I try to add 2 when I buy more.  That way they have their own buddy.


----------



## DonnaBelle (Aug 25, 2012)

Wow, you are asking the wrong bunch of folks for help in that situation!!

But if it's any comfort, a retired couple came to visit Thursday night, to look at just "one" doe,  they left with TWO.  

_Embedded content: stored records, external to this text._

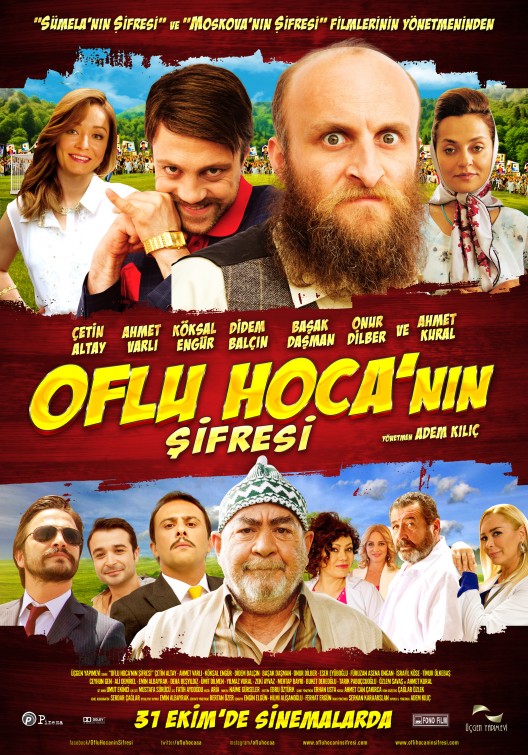 Oflu Hoca'nin Sifresi Movie Poster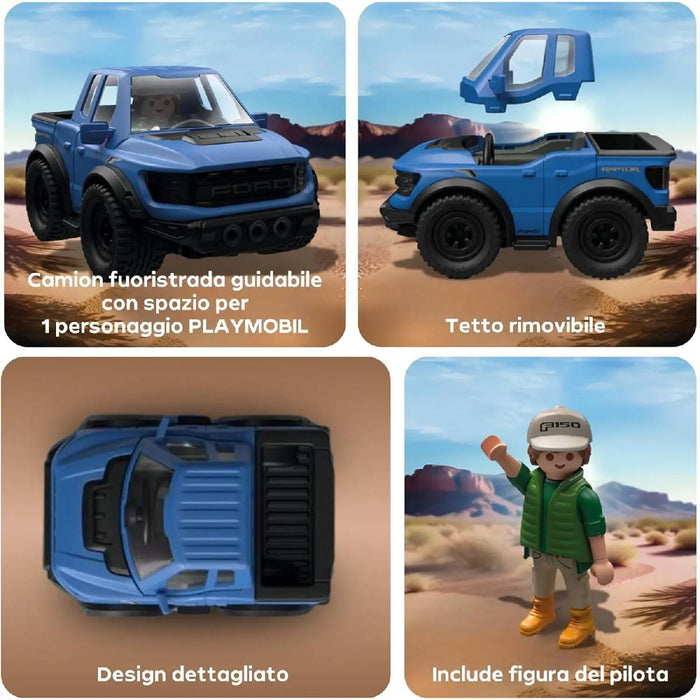 PLAYMOBIL Ford F150 Raptor - 71858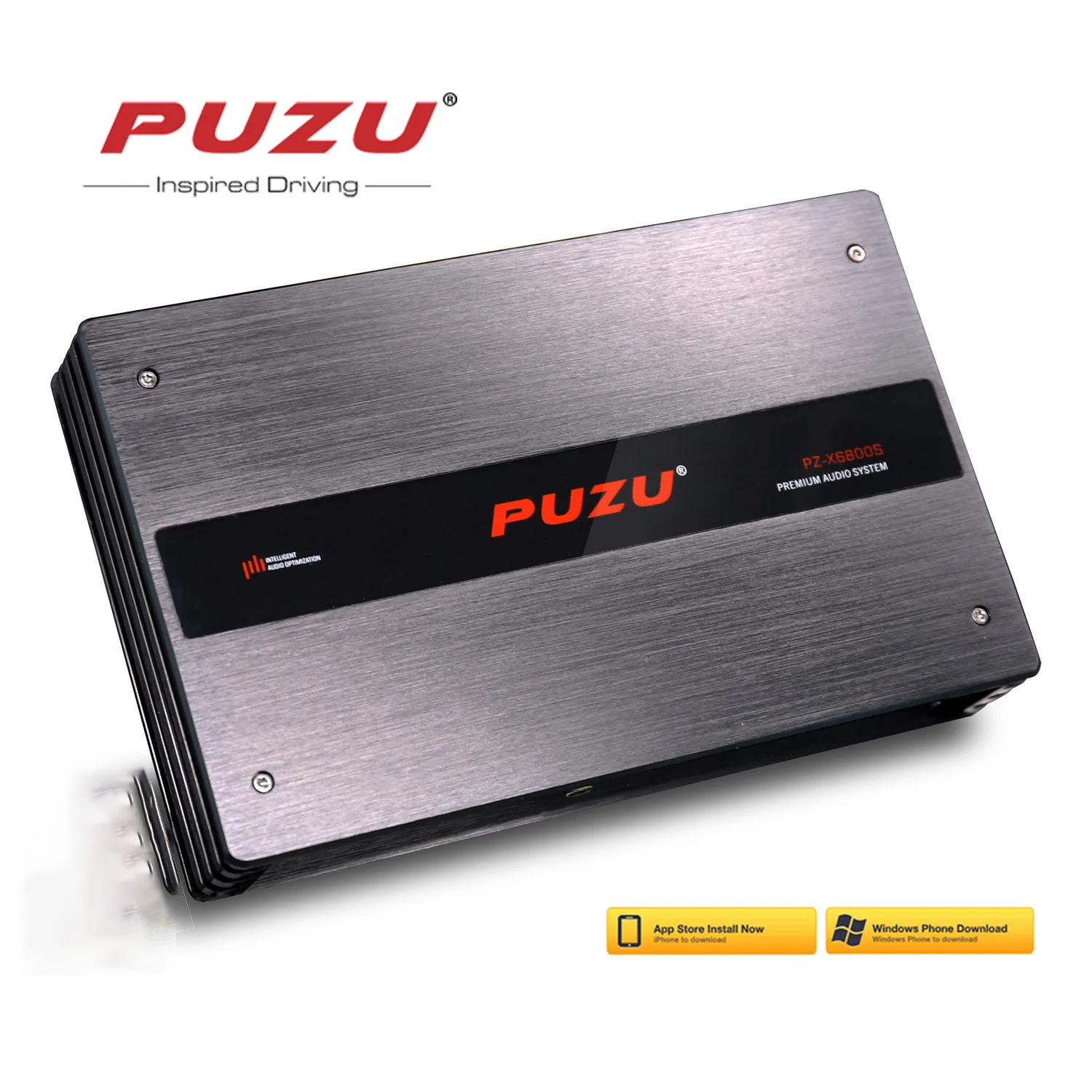 Imagem -02 - Puzu-car Audio Dsp Processor Pz-x6800s 6ch a 10ch Premium Built-in 8ch Amplificador Potência de Saída 500w Rms para Bmwhyundai-kia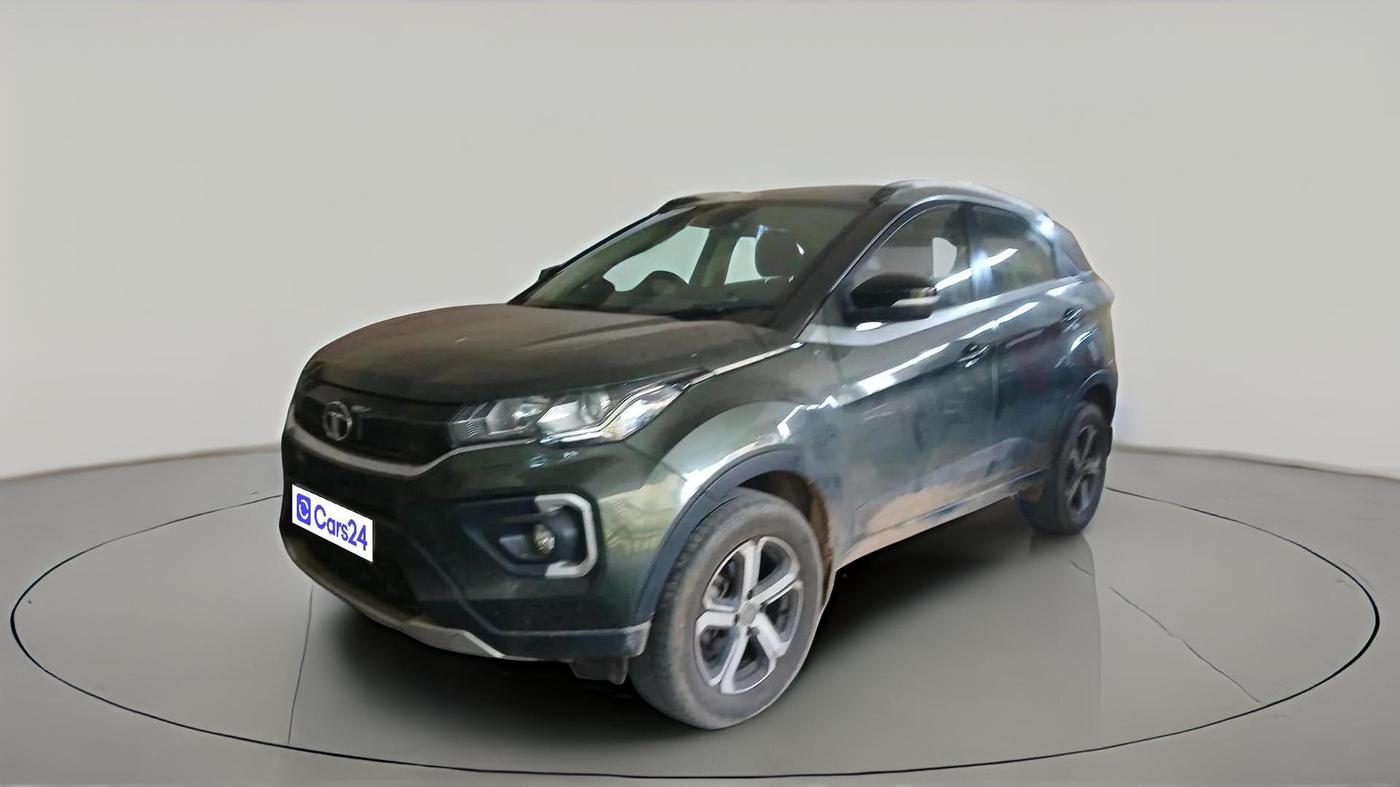 2021 Tata NEXON XZ PLUS (O) PETROL, Petrol, Manual, 31,919 km, exterior
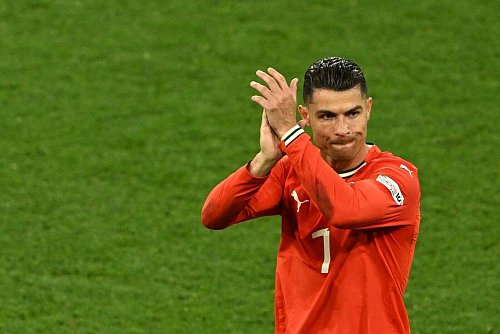 Siegtorschütze im Halbfinale gegen Deutschland: Portugals Cristiano Ronaldo. - © Peter Kneffel/dpa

It's an affliction that's spreading across the country!!!

DonnaBelle


----------



## DonnaBelle (Aug 25, 2012)

P.S. 

That's one beautiful goat!!

DonnaBelle

oops, sorry


----------



## ksj0225 (Aug 25, 2012)

Like Rolls, we "try" to buy in twos as well.  I'm breaking that rule in about a month. But typically on my farm and my friends, the goats pair off...


----------



## Catahoula (Aug 25, 2012)

What If I get this one and then another one from a different farm? There is a solid black with couple spots Boer wether I had my eyes on. He would not be as old either...born 6/15. This Alpine farm has other 4+ month old does, 2+ month old Oberhasli...a few one year old dry does as well as older milking does for sale. Would getting another one from the same farm a better choice? What is having a doe like? How often is the heat cycle and how long does it last? Would she be very noisy?? I know my boys are neutered. Are they like dogs...once neutered, they would not be interested at all?
Listen to me...sigh...


----------



## RoeDylanda (Aug 25, 2012)

He is a beautiful boy, BUT I'm going to try and do as you asked. I was going to number the reasons but it's easy to cross them off one by one!  So here goes: you're going into your first winter with goats in a challenging part of the country for winter weather. Your current herd has sorted out the "pecking order" and your animals are settled and calm. More goats= more frequent barn cleanings. Finally, there will *always* be another adorable, sweet-natured, funny, appealing goat. Because that's how goats are! In the spring you'll be in a better position to add to your herd because you'll have cared for your boys through the harshest time of year. I have does, and they go into heat every 3 weeks. One yells her head off for two days, but the other is normally vocal. 

Hope this helps


----------



## Catahoula (Aug 25, 2012)

Just came back from my barn chores...it was a breeze. I just gave them grains and pellets so they would quiet down. Then I just swept the berries off the mat, scooped up the wet urine and more berries in the dirt area. Switched out the water bucket and made sure they have hay.  By then they were almost done with the grains. I then took a short walk and they happily followed to check the fencing. They munched on the bushes and peeped. That's all...my farm chores. Amazingly they'd keep the shelter clean through the day too. I really have it good and I am more afraid to mess it up.... 
All of you are right. If I do get Victor, I should get him a buddy...probably best from the same farm too. If I don't get Victor and a buddy, there will always be more... If I had already a bigger herd, adding two more may not be so noticeable. I would be doubling my goat numbers with Vic and Bud.... I had purchased extra feeders/bigger buckets anticipating for more goats. Although we could afford a few more goats...the expenses are more then I have imagine. Having more money in my pocket is not a bad thing. 
I know all of you meant well and all have spoken what is already in my heart. I just need to hear them out. Those darn goats are so addicting. Darn those goats!!!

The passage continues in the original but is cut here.